------ PROVIDED MATERIAL

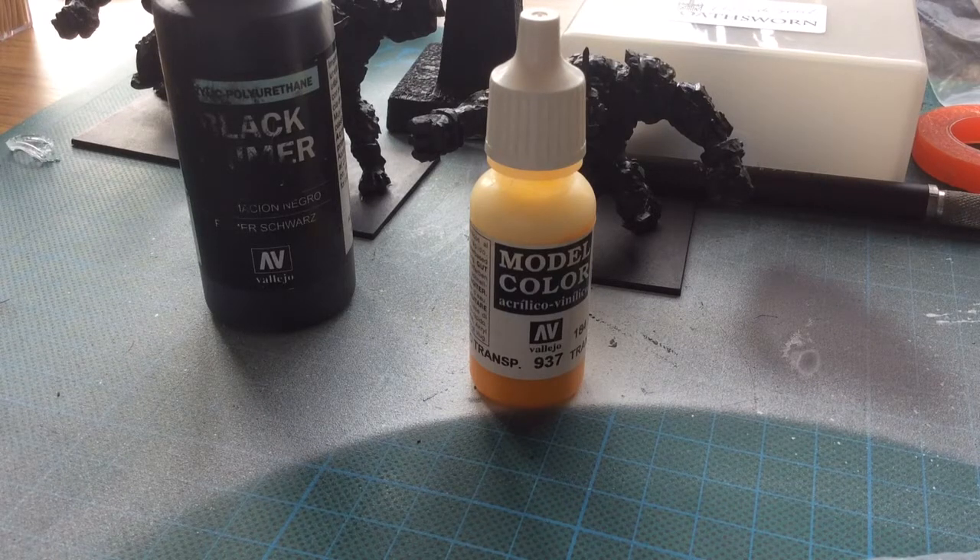Hello and welcome to Robert's Miniatures. Just a quick hobby tip that I use myself and I think might be quite useful for some people.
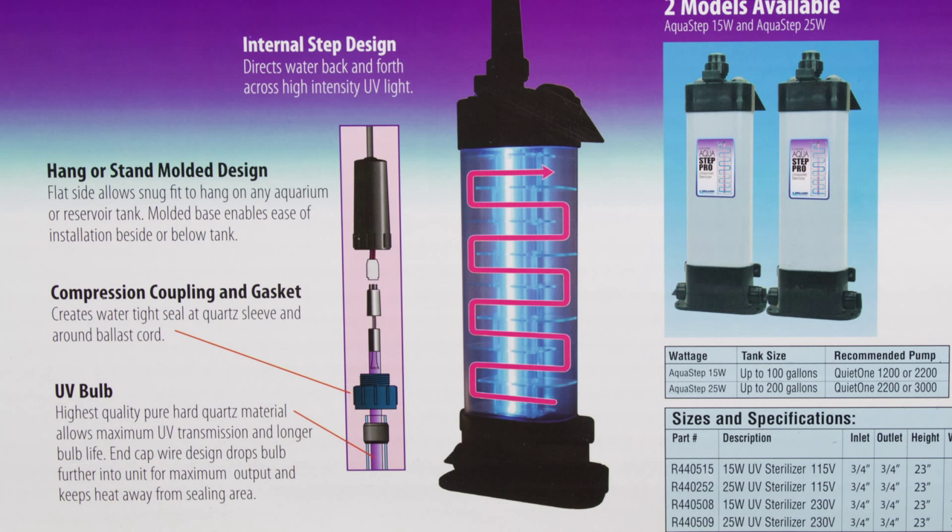The flow of water inside the sterilizer goes through a series of steps which increases contact time with the UV light. Increasing contact time allows the algae and/or parasites to be exposed to the UV light longer, increasing the kill rate and the effectiveness of the sterilizer.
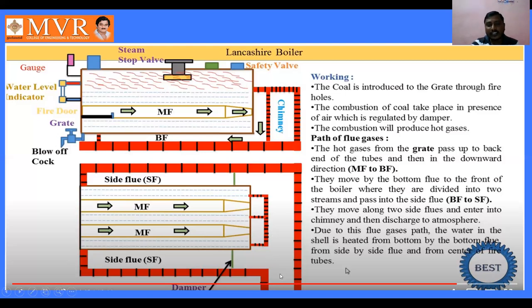After entering the two side flows, the gases enter the chimney and discharge to the atmosphere. Due to this flue gas path, the water in the shell is heated — from the bottom by the bottom flow, from the side by the side flow, and from the center of the fire tubes. When hot gases pass, through convection the heat is absorbed by the water, steam is generated at the top of the shell, and if superheated steam is required it passes into the superheater tubes.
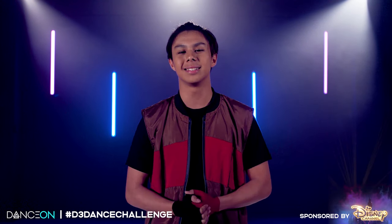What's up guys? It's Ken San Jose. Thank you Disney Channel for your paid support on this video. Today I'm going to be teaching all of you some of my solo from our Descendants 3 Dance On Masterclass. Let's get started.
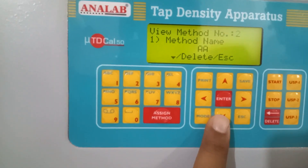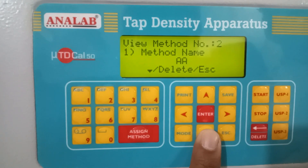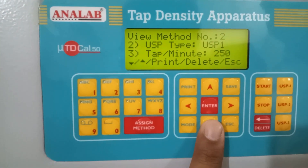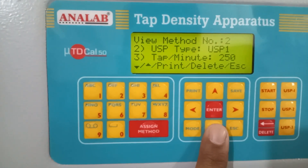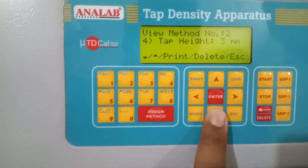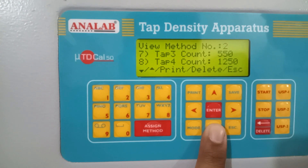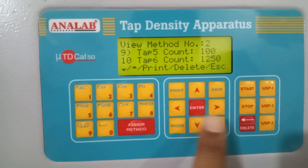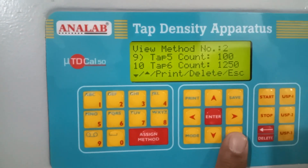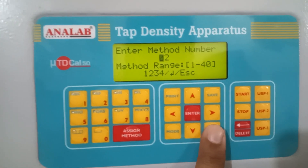So you can see what all methods have been created here. The name of the method is 'AA'. This is the type of USP — USP1 has tabs set for 250 tabs at 3mm height. These are certain options which are selected for tab 1, tab 2, tab 3, and tab 4 which we edited previously. All this method can be printed, deleted, or we can run it for the analysis part. So now we will do the analysis.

------------

Would you copy out every entry above word for word, without the pictures?

- YOUR RESPONSE
Hello and welcome to Robert's Miniatures. Just a quick hobby tip that I use myself and I think might be quite useful for some people.
The flow of water inside the sterilizer goes through a series of steps which increases contact time with the UV light. Increasing contact time allows the algae and/or parasites to be exposed to the UV light longer, increasing the kill rate and the effectiveness of the sterilizer.
After entering the two side flows, the gases enter the chimney and discharge to the atmosphere. Due to this flue gas path, the water in the shell is heated — from the bottom by the bottom flow, from the side by the side flow, and from the center of the fire tubes. When hot gases pass, through convection the heat is absorbed by the water, steam is generated at the top of the shell, and if superheated steam is required it passes into the superheater tubes.
What's up guys? It's Ken San Jose. Thank you Disney Channel for your paid support on this video. Today I'm going to be teaching all of you some of my solo from our Descendants 3 Dance On Masterclass. Let's get started.
So you can see what all methods have been created here. The name of the method is 'AA'. This is the type of USP — USP1 has tabs set for 250 tabs at 3mm height. These are certain options which are selected for tab 1, tab 2, tab 3, and tab 4 which we edited previously. All this method can be printed, deleted, or we can run it for the analysis part. So now we will do the analysis.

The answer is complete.